In a statement to the press, Mr. Kaimenyi explained that such an increment cannot be effected without due consultations with university councils and an endorsement by the Ministry of Education.
Students of public universities across Kenya have taken to the street this week to protest against alleged plans by the authorities to increase their tuition.
The students have called for the resignation of Mr. Kaimenyi and have also demanded a 50% increment to the amount allotted to them by the Higher Education Loans Board.
Reports indicate that up to 100 students were arrested at the University of Nairobi on Tuesday in what has been described as the most violent encounter thus far.
Local sources say the protesters disrupted traffic, harassed motorists and forced many shops in the central business district to close early over fears of being looted.
However, the police interrupted the demonstration and restored calm to the city. Similar scenes have played out in up to 4 cities across Kenya this week, according to local reports.
The Police Chief of Nairobi, Benson Kibue, vindicated the crackdown on the protesters; explaining that demonstrations by one section of the public should not paralyse the activities of others.

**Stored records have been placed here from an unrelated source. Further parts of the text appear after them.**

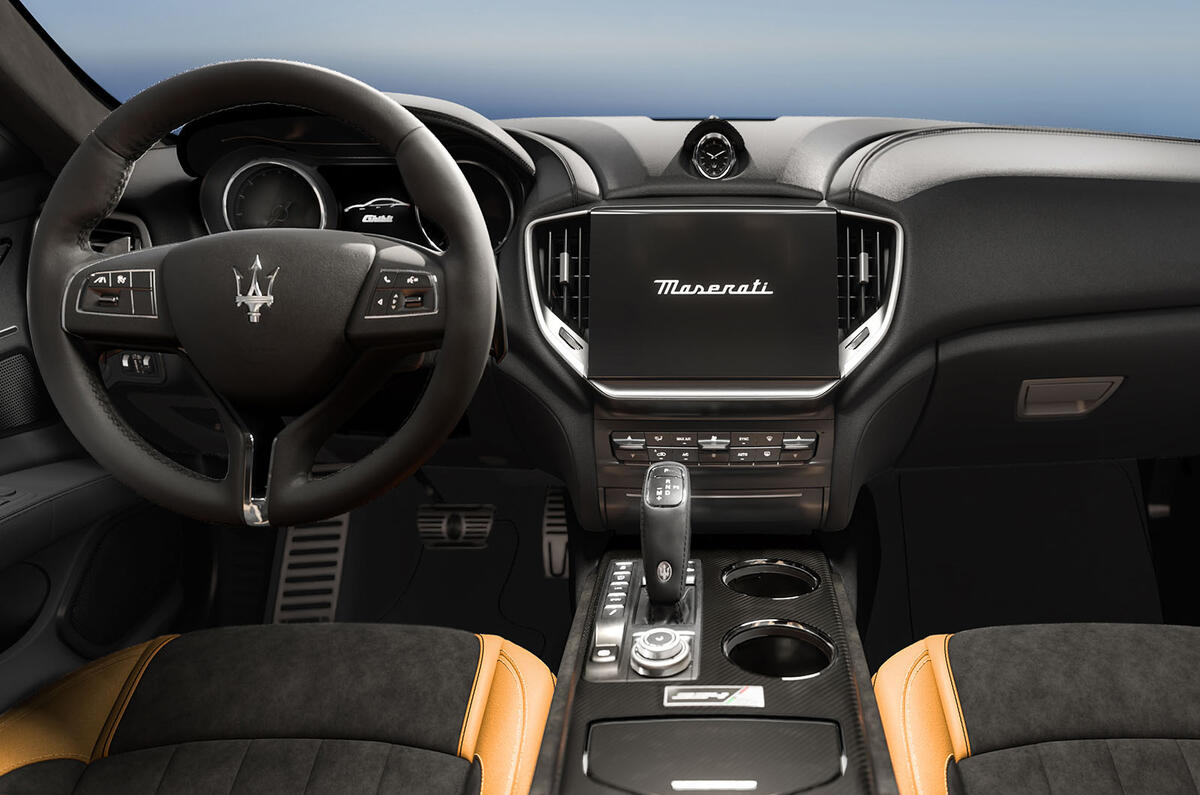 `maserati Ghibli 334 Ultima  eview 2023 06 interior `maserati Ghibli 334 Ultima  eview 2023 06 interior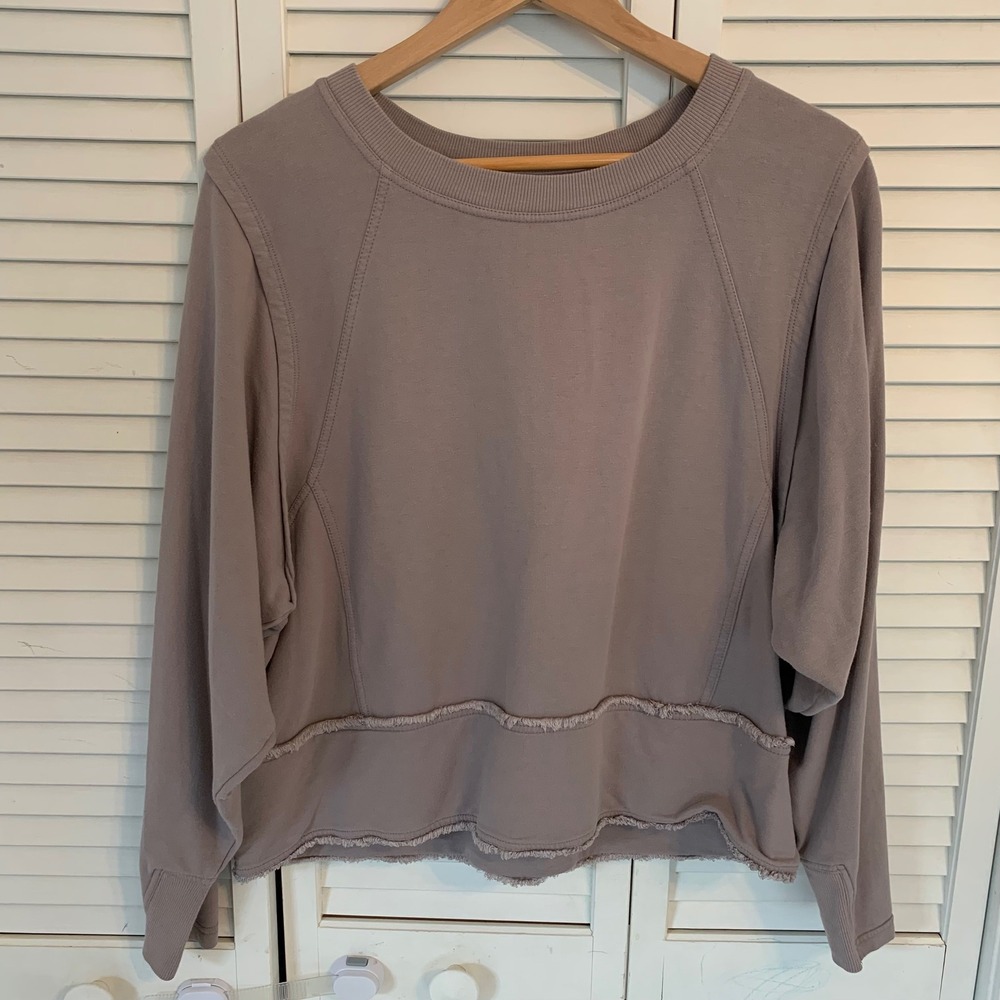 Free People Movement‎ Where The Wind Blows Raw Hem Boxy Sweatshirt Top Womens L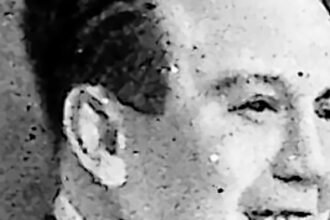Portret dyrygenta i kierownika orkiestry tanecznej Jacka Hyltona.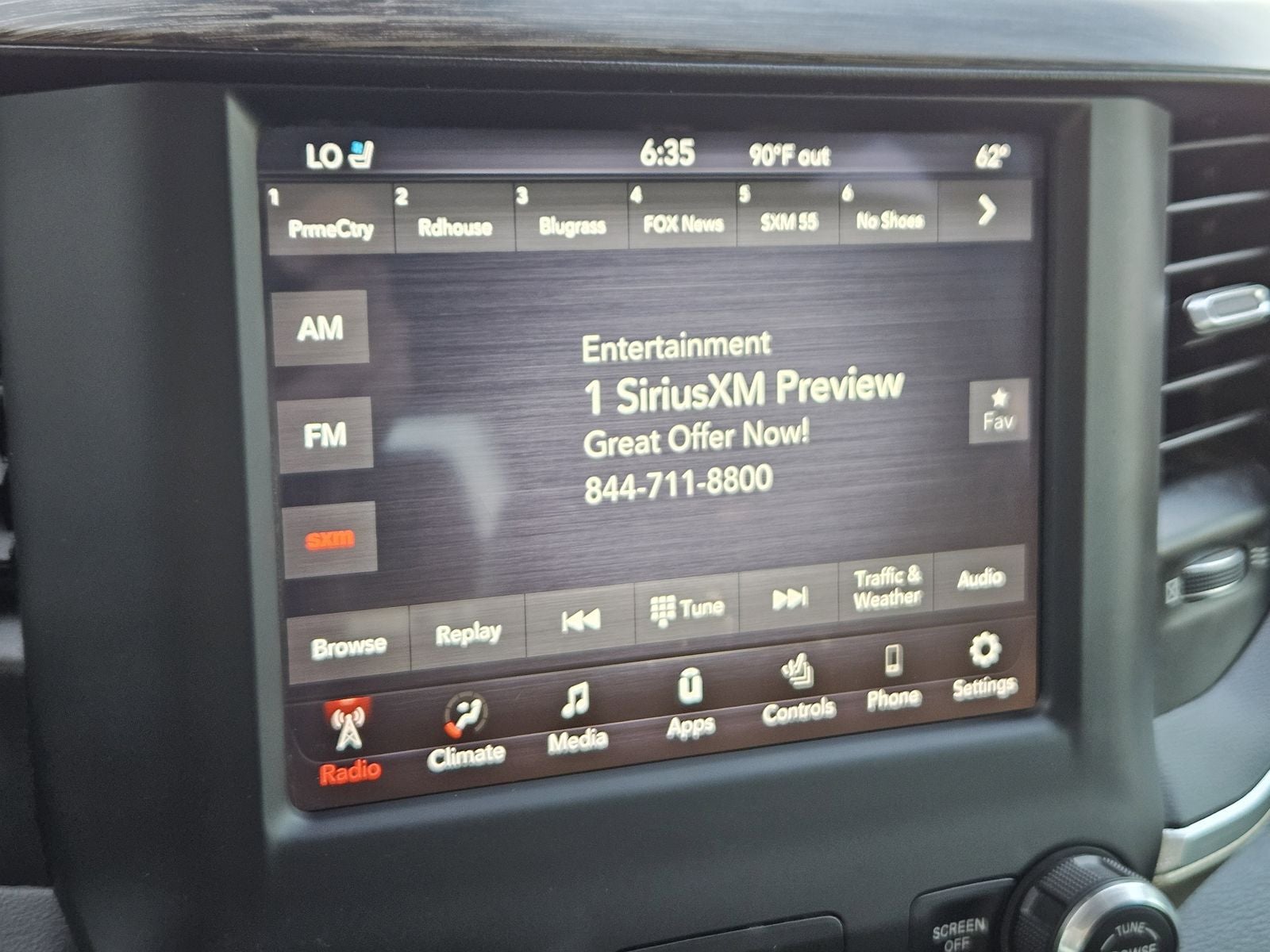 2020 RAM Ram 1500 Laramie Crew Cab 4x4 5'7' Box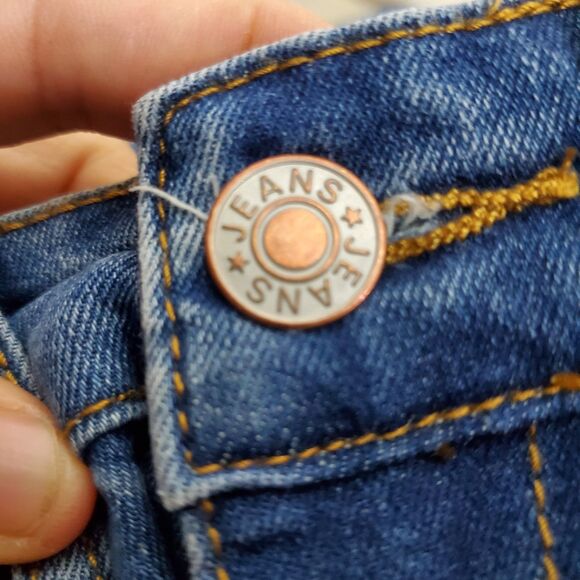 Jeans Jeans Ripped Denim Shorts Size Medium - Picture 5 of 6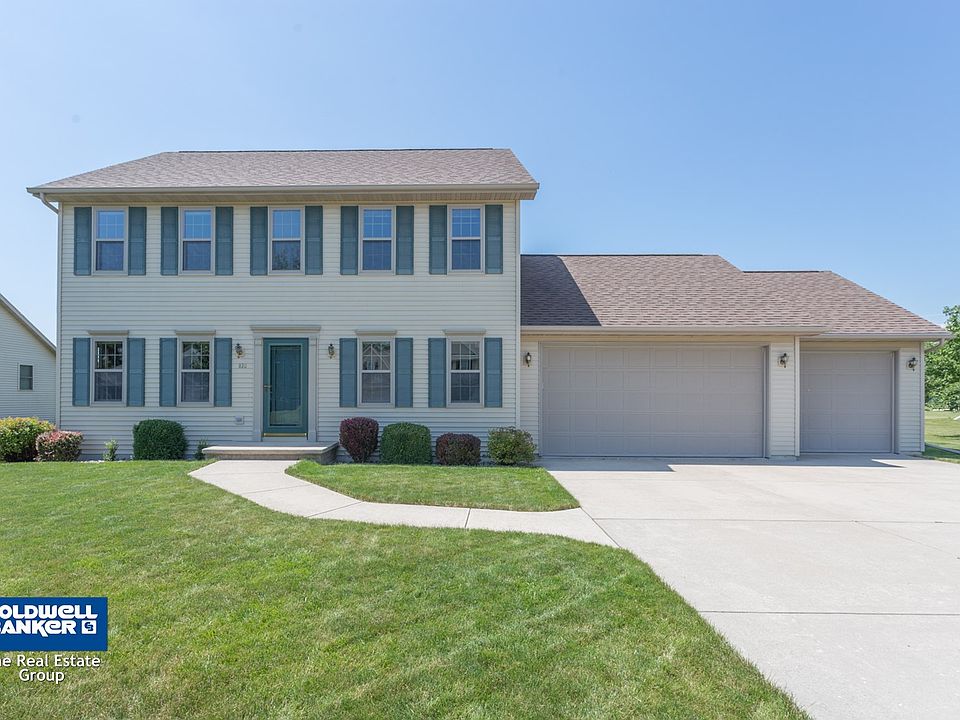 2nd image of 810 Windsong Way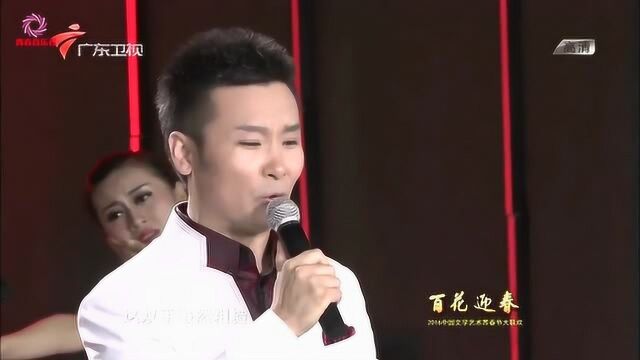 刘和刚演唱的歌曲《拉住妈妈的手》深情感人,触动心灵,催人泪下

“When you cause an obstruction or instil fear among by-standers, then that ceases to be a peaceful demonstration,” he noted.
Reports indicate that the students’ plan to deliver a petition to the Ministry of Education was cut short due to the interruption by the police.
It is currently unclear how the student unions will respond to the revelations by Mr. Kaimenyi.
Meanwhile, the students have demanded the release of their colleagues in detention and have expressed determination not to be cowed into stopping their demonstrations.
Kenya’s public universities are reportedly in a bad shape due to a lack of sufficient funding. Nonetheless, the amount of people seeking admission into them has soared notably in the past few years.